KHARTOUM: Tens of thousands of protesters rallied across Sudan on Sunday against the ruling generals as demonstrators marched on the presidential palace in Khartoum, in the biggest mass demonstration since a deadly crackdown on demonstrators.
The “million-man” march is seen as a test for protest organisers whose push for civilian rule has been hit by the June 3 raid on a Khartoum sit-in and a subsequent internet blackout that has curbed their ability to mobilise support.
Dozens of demonstrators were killed and hundreds wounded when armed men in military fatigues stormed the sit-in outside army headquarters, shooting and beating protesters who had camped there since April 6.
On Sunday, police fired several rounds of tear gas on crowds approaching the presidential palace after organisers called for a march on the building that houses offices of the ruling transitional military council, a correspondent reported.
“We call on our revolutionary people in the capital to go to the republican palace... to seek justice for the martyrs and for an unconditional transfer of power to civilians,” the Sudanese Professionals Association that first launched protests against now ousted ruler Omar al-Bashir said on Twitter.
Police also fired tear gas at protesters in the northern Khartoum district of Bahri and in Mamura and Arkweit, in the capital’s east, as thousands of protesters chanted “Civilian rule! Civilian rule!”, witnesses said.
Elsewhere, security forces used tear gas to disperse protests in the capital’s twin city of Omdurman and the eastern town of Gadaref.
The latest demonstrations come at a time when Ethiopia and the African Union (AU) are jointly mediating between the protesters and generals.
The European Union, several Western nations and rights groups called on the generals to avoid any violence.
Men and women flashing victory signs and carrying Sudanese flags flooded the streets of Al-Sahafa neighbourhood of Khartoum.
“We are here for the martyrs of the (June 3) sit-in. We want a civilian state that guarantees our freedom. We want to get rid of military dictatorship,” said Zeinab, 23, as onlookers cheered and motorists honked horns.

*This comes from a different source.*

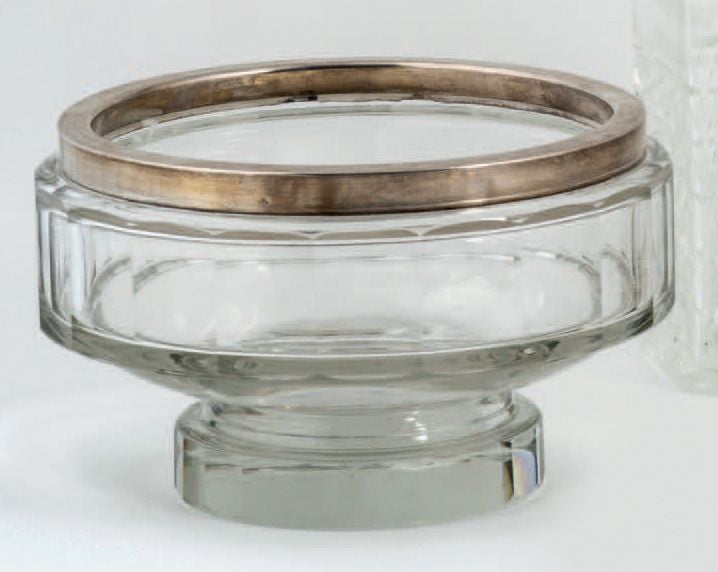 COUPE en cristal taillé à pans sur piédouche, cerclage argen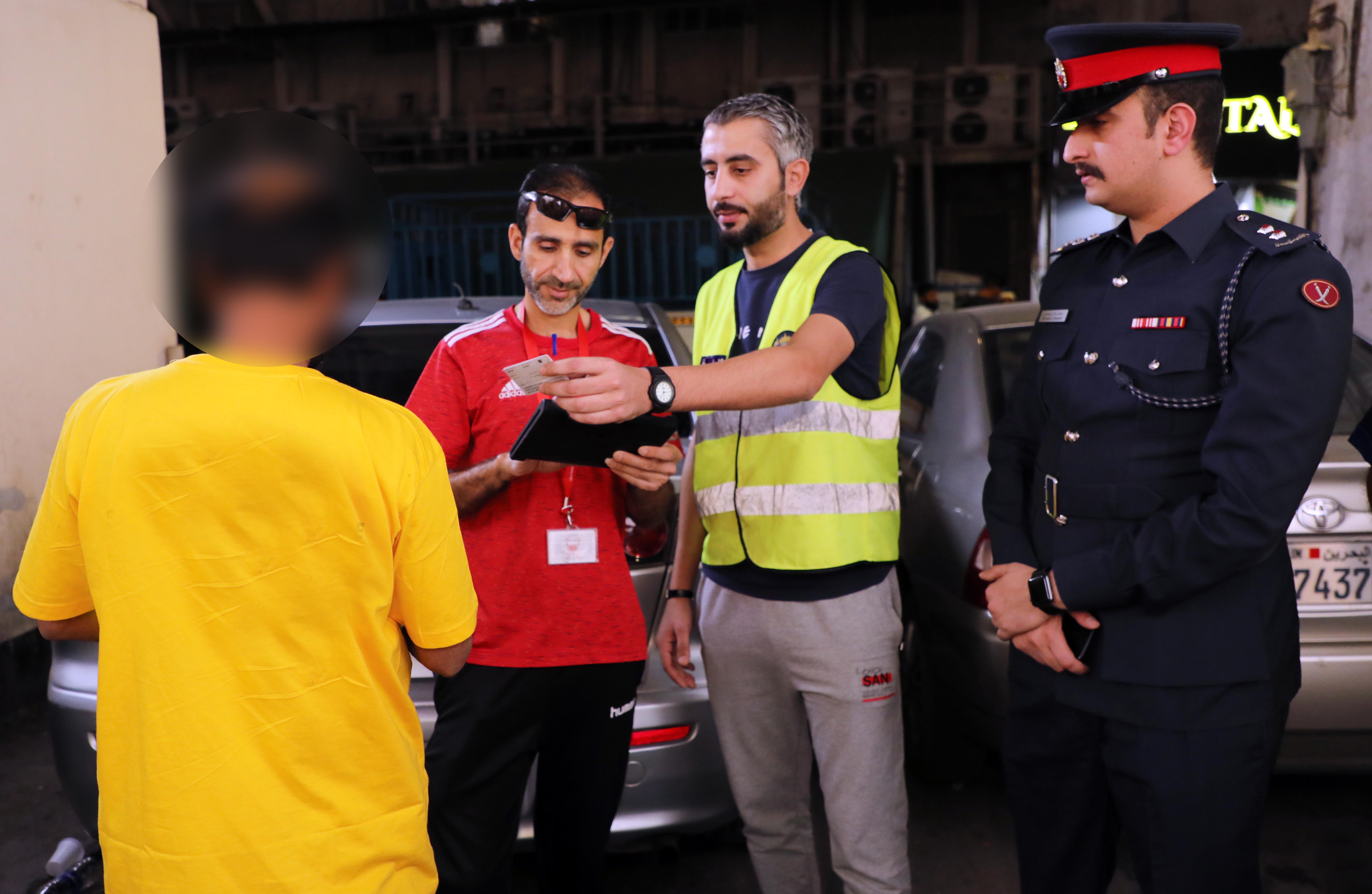 شئون الجنسية والجوازات والإقامة تنظم حملات تفتيشية مشتركة في جميع محافظة العاصمة<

“No one gave a mandate to the military council, all the people are against the council,” said another protester who shouted out: “I’m the next martyr.”
Marchers also passed by the homes of those killed on June 3.
Others chanting “Blood for blood, we don’t want compensation” took to the streets of the Jabra district, while rallies were also under way in other neighbourhoods of the capital.